Although graduate education is not an explicitly stated goal of our undergraduate

or teacher-related grants, we consider supervising physics graduate students (Ph.D. and

M.S.) a major responsibility.

Those in the Physics Education Group earn their degrees for

research on the learning and teaching of physics and related curriculum development.

All

graduate students in our Department assigned to the tutorials participate in our weekly

Graduate Teaching Seminar.

Thus, we expose students who may become faculty in

traditional fields of physics to the value of PER as a resource for teaching.

D.

A Few Concerns

Our experience with NSF has been very positive.

However, we have a few

concerns that we hope can be addressed.

NSF, other government agencies, and private

foundations (

e.g.,

Knowles and Merck) seem to focus on funding very specific topics of

projects in science education for limited periods of time.

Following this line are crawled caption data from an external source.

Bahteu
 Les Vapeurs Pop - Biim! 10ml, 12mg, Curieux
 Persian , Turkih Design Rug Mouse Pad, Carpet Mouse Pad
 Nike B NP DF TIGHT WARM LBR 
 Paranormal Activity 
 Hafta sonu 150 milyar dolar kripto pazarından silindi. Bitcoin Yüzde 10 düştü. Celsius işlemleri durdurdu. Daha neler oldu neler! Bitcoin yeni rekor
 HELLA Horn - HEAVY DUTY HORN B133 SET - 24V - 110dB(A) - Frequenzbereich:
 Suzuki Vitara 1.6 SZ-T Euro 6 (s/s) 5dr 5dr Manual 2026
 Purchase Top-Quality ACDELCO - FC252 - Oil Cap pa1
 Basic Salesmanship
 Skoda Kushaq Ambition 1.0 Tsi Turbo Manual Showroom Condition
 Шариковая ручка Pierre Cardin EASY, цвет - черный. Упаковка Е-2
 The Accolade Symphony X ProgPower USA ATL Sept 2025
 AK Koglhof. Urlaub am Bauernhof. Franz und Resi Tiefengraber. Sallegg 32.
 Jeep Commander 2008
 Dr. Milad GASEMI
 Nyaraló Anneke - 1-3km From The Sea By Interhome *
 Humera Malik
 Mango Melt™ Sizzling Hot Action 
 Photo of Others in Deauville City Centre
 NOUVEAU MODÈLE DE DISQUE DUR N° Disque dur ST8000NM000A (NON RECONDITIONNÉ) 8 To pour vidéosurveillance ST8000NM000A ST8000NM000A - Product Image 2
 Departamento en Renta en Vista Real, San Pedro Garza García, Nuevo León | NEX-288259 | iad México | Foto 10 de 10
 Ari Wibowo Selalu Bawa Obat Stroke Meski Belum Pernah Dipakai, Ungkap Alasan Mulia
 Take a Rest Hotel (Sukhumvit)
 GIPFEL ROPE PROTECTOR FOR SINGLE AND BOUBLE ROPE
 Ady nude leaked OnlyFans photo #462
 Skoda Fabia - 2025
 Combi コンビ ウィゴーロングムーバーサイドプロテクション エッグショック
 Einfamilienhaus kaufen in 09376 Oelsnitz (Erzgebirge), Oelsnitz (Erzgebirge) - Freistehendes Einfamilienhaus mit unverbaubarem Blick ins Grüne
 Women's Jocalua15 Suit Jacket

Research on student learning,

production of curriculum based on that research, preservice and inservice teacher

professional development, undergraduate education, and the preparation of TAs are often

treated in separate categories.

Yet, in all of these, the understanding of specific science

content is vitally important.

Moreover, it has been our experience that findings from

research among students in one category often reinforce results obtained in another.

However, there does not seem to be a way in which we could submit an “umbrella

proposal” to NSF with a multi-faceted research component.

Our group’s long-term goal is to produce a coherent, vertically integrated body of

work to help improve the learning of physics from the elementary grades to the graduate

level.

NSF does not seem to encourage successful education-related projects to continue

to evolve in ways that enable them to capitalize in the gains that they have made.

Projects

that last only from three to five years are unlikely to lead to cumulative improvement in

the learning and teaching of science.

In more traditional areas of research, there seems to

be more confidence that competent groups will continue to be productive and that good

track records are good predictors of ongoing success.

Some of the Divisions that support K-12 projects seem to have been reorganized

several times during the existence of our group.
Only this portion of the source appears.